Reduced synchronization — uses __syncwarp() instead of __syncthreads() where possible.
Parallel sort mention — bitonic network (not fully implemented, falls back to selection sort).

4.4 Correctness Analysis

Strengths:

Three-pass approach is straightforward and well-understood. Max-first ensures numerical stability.
exp(x - max_val) guarantees no overflow.
inv_sum = 1.0f / s_warp_sum[0] — safe because sum includes at least exp(0) = 1.0.
Test harness includes CPU reference with random data (range [-10, 10]).
Handles index sorting for tie-breaking comparison.
Tests multiple configurations: V=1000/K=10, V=50257/K=256, V=50257/K=50, V=32000/K=128.

Potential Issues:

v1: Single-thread merge bottleneck — Thread 0 does all 4096 heap insertions. For K=256, each insertion is O(log K) = ~8 operations. Total ~32K shared memory ops. This is small but serializes the merge.
v1: Selection sort O(K²) — For K=256, this is 65K comparisons. Done once per block, so acceptable but not optimal.
v2: Warp-level merge has issues — The warp_topk_merge function is declared but never actually used in the v2 kernel. Instead, v2 uses inline lane-0 collection with __shfl_sync. The function signature takes K as a runtime parameter but the template has K as compile-time — this mismatch means the function can't be called with the template's K.
v2: Float4 alignment — The vectorized load assumes V is divisible by 4 and the row pointer is 16-byte aligned. No handling for misaligned cases beyond the tail loop.
v2: Selection sort still used — Despite claiming "parallel sort using warp-level bitonic network," the actual code still uses thread-0 selection sort.
v2: __syncwarp() after lane-0 work — After lane 0 collects all data via shuffle, __syncwarp() is called but lane 0 is the only one that did work. Other lanes are idle. This is fine but the warp-level merge doesn't actually distribute work.

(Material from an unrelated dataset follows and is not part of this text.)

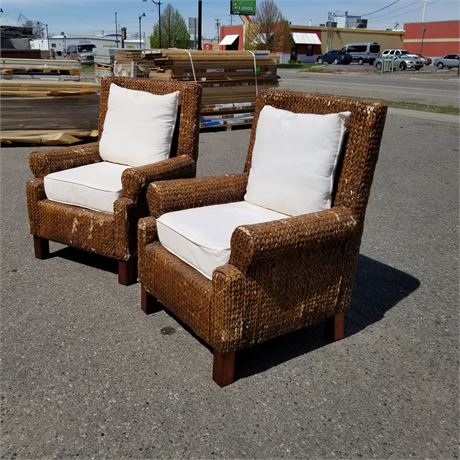 Pair of Woven Wicker Chairs w/ Cushions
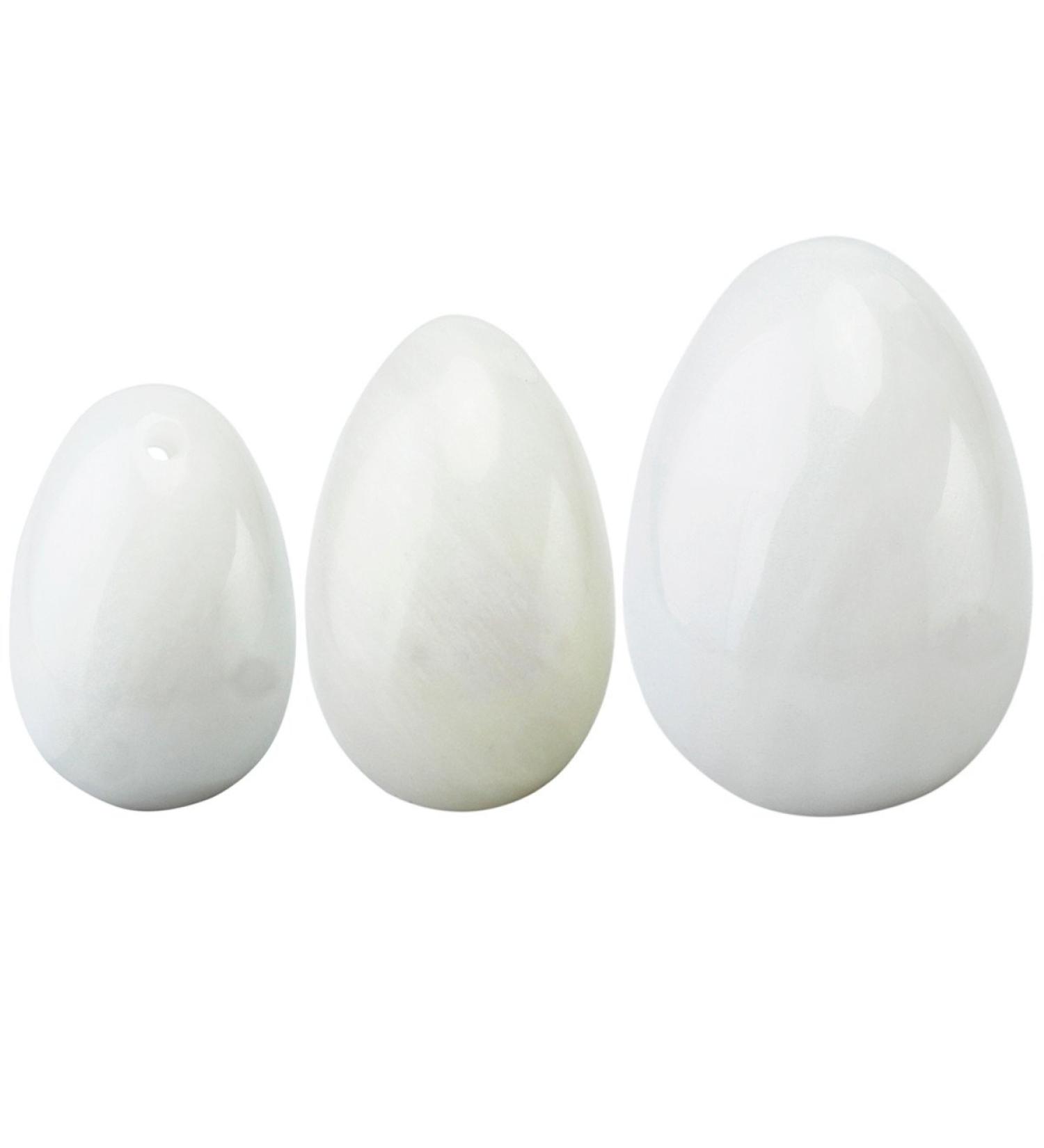 Mookaitedecor White Jade Yoni Egg Balls Set 3 Sizes for Pelvic Floor Strengthening & Relaxation | Postpartum Vagina Care - Buy Online on GoSupps.com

No critical correctness bugs like GLM-5's cross-warp row conflation. The three-pass design with one block per row is simpler and avoids the row-ownership ambiguity.

4.5 Completeness

Deliverable	Present	Quality
Kernel code	✅	Two versions (v1 + v2)
Memory access pattern	✅	Good — table with bytes per phase
Warp-level optimization	✅	Good — shuffle reductions, warp merge in v2
Complexity analysis	✅	Good — compute-bound claim (disputed below)
Comparison to naive	✅	Good — quantitative table
Test/benchmark	✅	CPU reference, timing, scaling analysis
Design document	✅	6-section ANALYSIS.md
Executive summary	✅	FINAL.md with architecture at a glance

4.6 Code Quality

Two versions (v1 and v2) — shows iterative improvement mindset.
Template parameter K with explicit instantiations.
__restrict__ qualifiers present.
__device__ __forceinline__ on hot functions.
#pragma unroll on reduction loops.
Dynamic shared memory for staging buffer — good for flexibility.
Comments are good but slightly less detailed than GLM-5.
v2 has dead code — warp_topk_merge function is never called.
v2 has a bug in process_float4 — The function takes const float4& vals but then tries to access components with if (i == 0) raw_val = vals.x; etc. However, the function is also never called (dead code).

4.7 CUDA Knowledge Depth

Three-pass softmax: Standard, well-known approach. Not cutting-edge but correct.
Warp shuffle reductions: Correct use of __shfl_xor_sync.
Shared memory min-heap: Correct implementation of sift-down.
Grid-stride loops: Correctly used for arbitrary V.
Vectorized loads: Correctly uses float4 in v2.
Occupancy analysis: Provides register count (~40/thread) and block/SM calculations.
Complexity analysis: Claims kernel is compute-bound due to expf() throughput. This is incorrect for the stated parameters.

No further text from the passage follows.